Enough of that. I read books the way I always imagined James Beard would eat a five pound lobster (though I don't wear a bib); I watch movies like a rat in a Skinner box having my pleasure centers jolted. I'm absurdly opinionated (I've been arguing with son for two months about whether hummus is a food or a condiment. Food, obviously!) Feel free to argue with me unless you actually believe that the staple dish from Dubai to Detroit is just a sauce. In which case you probably think ketchup is a vegetable. No, that was Ronald Reagan. And if you are Ronald Reagan, keep your thoughts to yourself. You're dead, dude. Even if most of your speechwriters are still alive, working for your heirs and assigns, and it's looking a lot like late afternoon in America. There are a thousand points of light, Peggy, and this is one of them. Deal with it.

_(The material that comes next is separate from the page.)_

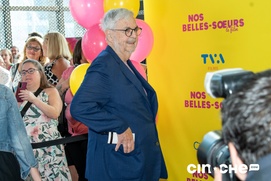 Tapis rouge du film Nos Belles-Soeurs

So this is a Bush-hating-screenwriting (member WGAW)- novel scribbling-agent bashing-movie reviewing, house painting tall tales-telling (What to do when you spill half a gallon of paint onto a wall of anqtiue bricks? How to force a customer to pay that last payment without lawyers or blunt weapons? )Blog. Parenting tips? Light verse? Hollywood war stories? (Okay, these anecdotes are from well behind the front lines, but those bombs can be pretty loud, even back where I'm stationed. Not to mention land mines. And the food sucks) It's all here. I'd say "And more!" because people always do. But there isn't any more. That's it. See you next time.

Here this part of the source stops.